DATASET EXTRACT
===
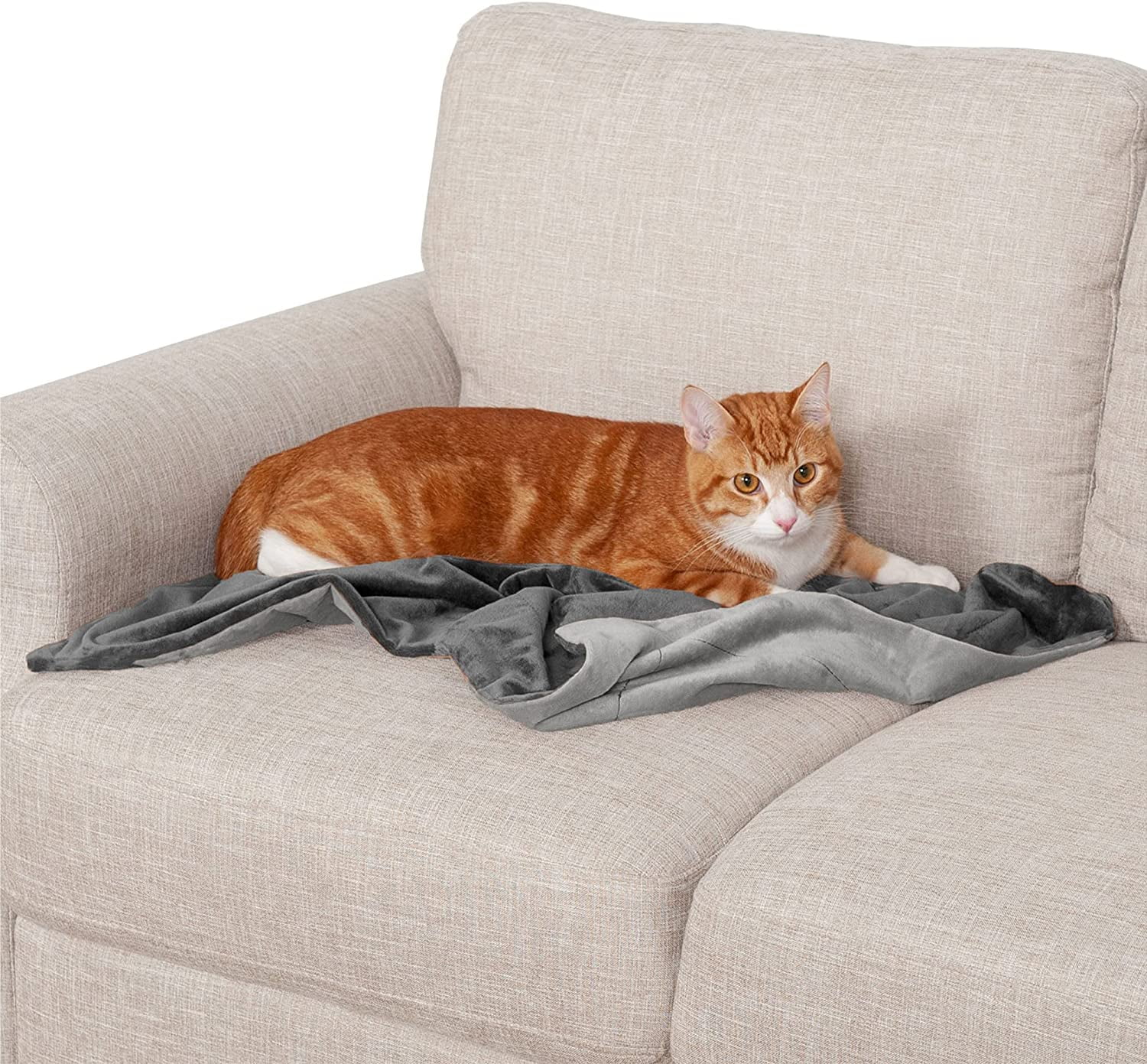Small Granite Gray Velvet Waterproof Reversible Pet Throw Blanket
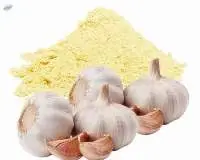 Garlic Extract Powder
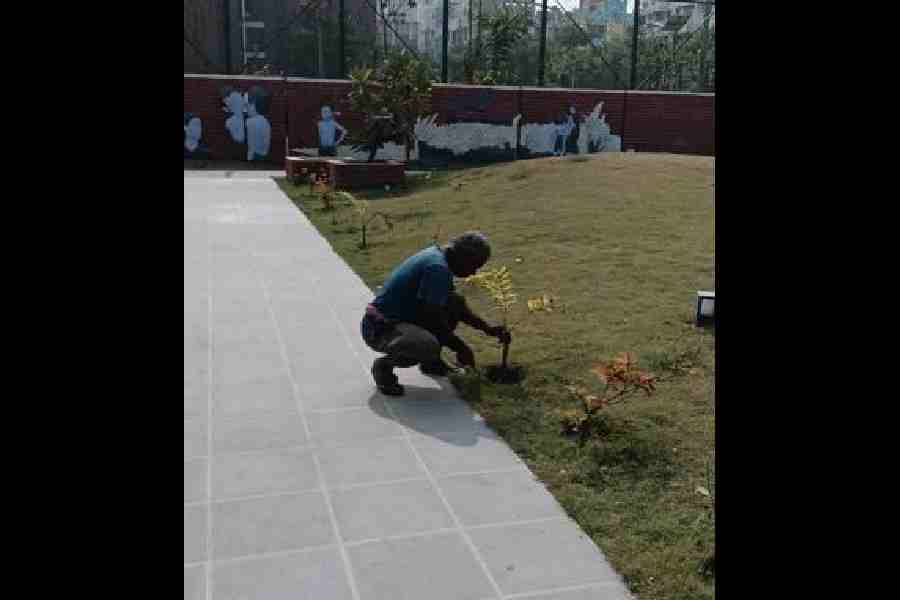 A gardener plants saplings in a flower bed in Apur Sansar Park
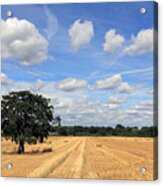 After The Harvest Uk Acrylic Print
===
WHAT THE EXERCISE ASKS
Exact output of each line above is wanted, without the pictures.

SOLUTION TO THIS TASK
Small Granite Gray Velvet Waterproof Reversible Pet Throw Blanket
 Garlic Extract Powder
 A gardener plants saplings in a flower bed in Apur Sansar Park
 After The Harvest Uk Acrylic Print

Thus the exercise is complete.